(Records from a data collection)
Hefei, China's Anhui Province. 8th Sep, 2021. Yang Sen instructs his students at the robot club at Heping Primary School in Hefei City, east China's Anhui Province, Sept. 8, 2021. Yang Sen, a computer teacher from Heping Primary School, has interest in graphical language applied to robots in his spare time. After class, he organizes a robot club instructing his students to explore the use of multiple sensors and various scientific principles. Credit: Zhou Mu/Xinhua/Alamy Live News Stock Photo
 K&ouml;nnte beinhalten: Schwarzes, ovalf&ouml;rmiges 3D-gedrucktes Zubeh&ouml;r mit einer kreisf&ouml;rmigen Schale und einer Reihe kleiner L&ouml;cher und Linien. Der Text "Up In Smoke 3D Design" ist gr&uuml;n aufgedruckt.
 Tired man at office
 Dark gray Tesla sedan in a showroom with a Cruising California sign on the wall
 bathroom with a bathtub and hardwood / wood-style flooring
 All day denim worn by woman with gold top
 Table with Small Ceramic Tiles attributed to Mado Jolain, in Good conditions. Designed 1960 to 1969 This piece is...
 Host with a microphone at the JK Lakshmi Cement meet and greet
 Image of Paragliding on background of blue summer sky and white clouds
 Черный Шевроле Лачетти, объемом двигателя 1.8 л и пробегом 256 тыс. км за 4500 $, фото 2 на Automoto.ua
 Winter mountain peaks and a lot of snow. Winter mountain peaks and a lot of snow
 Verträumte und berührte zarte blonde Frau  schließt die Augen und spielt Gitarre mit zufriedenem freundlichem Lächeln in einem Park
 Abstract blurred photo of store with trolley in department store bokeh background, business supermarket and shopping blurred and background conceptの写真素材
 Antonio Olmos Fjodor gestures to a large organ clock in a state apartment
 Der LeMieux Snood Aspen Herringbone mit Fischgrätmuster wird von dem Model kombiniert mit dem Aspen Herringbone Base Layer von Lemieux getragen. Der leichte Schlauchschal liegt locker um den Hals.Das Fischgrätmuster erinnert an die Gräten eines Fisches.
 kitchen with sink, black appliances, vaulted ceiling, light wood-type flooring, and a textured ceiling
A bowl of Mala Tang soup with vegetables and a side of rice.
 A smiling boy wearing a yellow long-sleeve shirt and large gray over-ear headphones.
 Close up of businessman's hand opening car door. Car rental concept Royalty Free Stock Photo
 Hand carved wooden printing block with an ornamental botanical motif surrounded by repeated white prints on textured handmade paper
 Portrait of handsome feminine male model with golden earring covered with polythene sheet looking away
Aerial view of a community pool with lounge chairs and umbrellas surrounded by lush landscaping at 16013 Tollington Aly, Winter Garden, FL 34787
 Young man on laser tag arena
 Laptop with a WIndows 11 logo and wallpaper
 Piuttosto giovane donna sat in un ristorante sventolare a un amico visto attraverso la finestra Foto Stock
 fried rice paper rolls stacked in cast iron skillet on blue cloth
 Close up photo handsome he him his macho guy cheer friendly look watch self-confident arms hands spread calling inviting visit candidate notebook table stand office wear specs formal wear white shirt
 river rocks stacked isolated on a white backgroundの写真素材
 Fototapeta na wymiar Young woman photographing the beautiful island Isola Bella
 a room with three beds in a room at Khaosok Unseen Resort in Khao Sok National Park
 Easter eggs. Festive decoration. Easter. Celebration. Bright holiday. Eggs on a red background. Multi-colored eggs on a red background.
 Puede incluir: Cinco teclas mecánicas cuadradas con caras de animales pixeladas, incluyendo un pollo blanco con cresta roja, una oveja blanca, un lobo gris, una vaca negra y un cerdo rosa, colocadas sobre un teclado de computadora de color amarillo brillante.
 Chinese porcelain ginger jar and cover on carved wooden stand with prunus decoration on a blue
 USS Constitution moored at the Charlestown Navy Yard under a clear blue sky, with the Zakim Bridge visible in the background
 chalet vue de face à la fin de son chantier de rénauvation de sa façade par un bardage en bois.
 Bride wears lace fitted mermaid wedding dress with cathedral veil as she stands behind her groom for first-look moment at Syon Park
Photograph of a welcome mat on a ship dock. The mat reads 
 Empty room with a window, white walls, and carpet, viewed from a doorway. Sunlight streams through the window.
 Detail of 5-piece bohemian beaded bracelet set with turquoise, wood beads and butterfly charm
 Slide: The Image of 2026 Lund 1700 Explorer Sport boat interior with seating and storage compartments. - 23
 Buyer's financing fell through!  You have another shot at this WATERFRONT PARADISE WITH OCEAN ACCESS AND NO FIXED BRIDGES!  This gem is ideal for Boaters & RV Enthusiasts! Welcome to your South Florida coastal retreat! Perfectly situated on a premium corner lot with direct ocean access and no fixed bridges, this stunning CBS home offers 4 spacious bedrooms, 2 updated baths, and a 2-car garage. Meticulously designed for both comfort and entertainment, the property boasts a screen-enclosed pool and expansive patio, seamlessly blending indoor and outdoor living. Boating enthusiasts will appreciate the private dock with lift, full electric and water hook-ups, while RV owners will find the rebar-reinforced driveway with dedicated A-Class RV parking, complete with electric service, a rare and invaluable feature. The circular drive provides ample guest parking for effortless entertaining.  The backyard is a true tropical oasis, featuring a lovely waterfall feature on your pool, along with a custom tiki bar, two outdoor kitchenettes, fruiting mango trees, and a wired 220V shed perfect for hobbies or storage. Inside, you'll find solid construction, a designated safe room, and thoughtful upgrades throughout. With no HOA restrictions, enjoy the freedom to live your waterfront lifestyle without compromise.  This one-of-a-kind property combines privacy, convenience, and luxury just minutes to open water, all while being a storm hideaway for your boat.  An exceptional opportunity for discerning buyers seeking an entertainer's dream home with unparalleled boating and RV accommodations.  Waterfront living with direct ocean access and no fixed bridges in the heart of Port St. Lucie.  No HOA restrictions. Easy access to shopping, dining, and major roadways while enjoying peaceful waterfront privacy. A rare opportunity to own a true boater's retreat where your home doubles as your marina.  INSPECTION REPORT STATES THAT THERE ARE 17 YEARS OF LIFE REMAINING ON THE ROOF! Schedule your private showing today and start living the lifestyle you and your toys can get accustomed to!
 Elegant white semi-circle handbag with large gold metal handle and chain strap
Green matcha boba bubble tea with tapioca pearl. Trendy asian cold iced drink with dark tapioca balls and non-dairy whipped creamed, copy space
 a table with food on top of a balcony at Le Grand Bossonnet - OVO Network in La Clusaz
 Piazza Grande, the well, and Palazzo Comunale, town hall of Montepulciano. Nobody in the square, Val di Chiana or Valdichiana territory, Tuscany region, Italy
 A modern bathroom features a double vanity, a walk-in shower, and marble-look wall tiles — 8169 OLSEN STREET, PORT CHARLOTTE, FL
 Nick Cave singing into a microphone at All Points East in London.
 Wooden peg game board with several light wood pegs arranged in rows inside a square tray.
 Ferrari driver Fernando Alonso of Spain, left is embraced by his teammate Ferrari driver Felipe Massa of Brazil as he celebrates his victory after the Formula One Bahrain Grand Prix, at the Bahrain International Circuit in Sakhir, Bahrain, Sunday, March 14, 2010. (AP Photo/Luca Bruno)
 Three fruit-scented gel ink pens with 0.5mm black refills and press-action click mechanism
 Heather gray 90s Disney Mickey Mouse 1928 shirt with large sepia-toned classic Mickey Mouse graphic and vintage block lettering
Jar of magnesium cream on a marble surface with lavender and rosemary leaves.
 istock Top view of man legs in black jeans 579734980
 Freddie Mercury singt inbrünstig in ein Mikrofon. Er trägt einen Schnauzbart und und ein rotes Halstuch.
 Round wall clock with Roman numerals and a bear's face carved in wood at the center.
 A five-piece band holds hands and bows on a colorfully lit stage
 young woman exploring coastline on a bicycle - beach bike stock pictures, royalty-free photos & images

Requirement. Show every line in the entries above that contains the string "blue".

Answer to this exercise.
 Image of Paragliding on background of blue summer sky and white clouds
 fried rice paper rolls stacked in cast iron skillet on blue cloth
 Chinese porcelain ginger jar and cover on carved wooden stand with prunus decoration on a blue
 USS Constitution moored at the Charlestown Navy Yard under a clear blue sky, with the Zakim Bridge visible in the background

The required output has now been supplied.